WHAT YOU WILL DO: What the task requires is an exact printout of the listing below, pictures excluded.

COLLECTED MATERIAL:
-*-*-

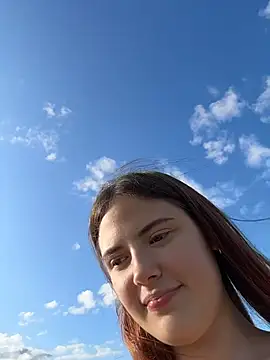 RubyRiot Adlı Modelin Canlı Sohbet Odası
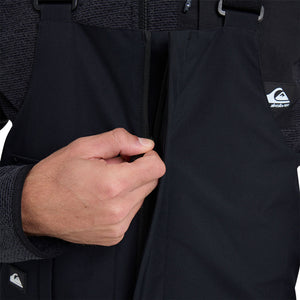 Quiksilver Utility Bib Snow Pants - Men's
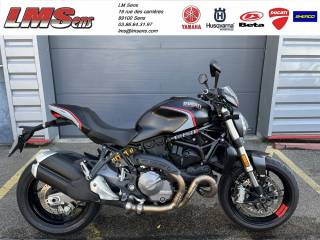 DUCATI MONSTER 821 - 2020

-*-*-

SOLUTION:
 RubyRiot Adlı Modelin Canlı Sohbet Odası
 Quiksilver Utility Bib Snow Pants - Men's
 DUCATI MONSTER 821 - 2020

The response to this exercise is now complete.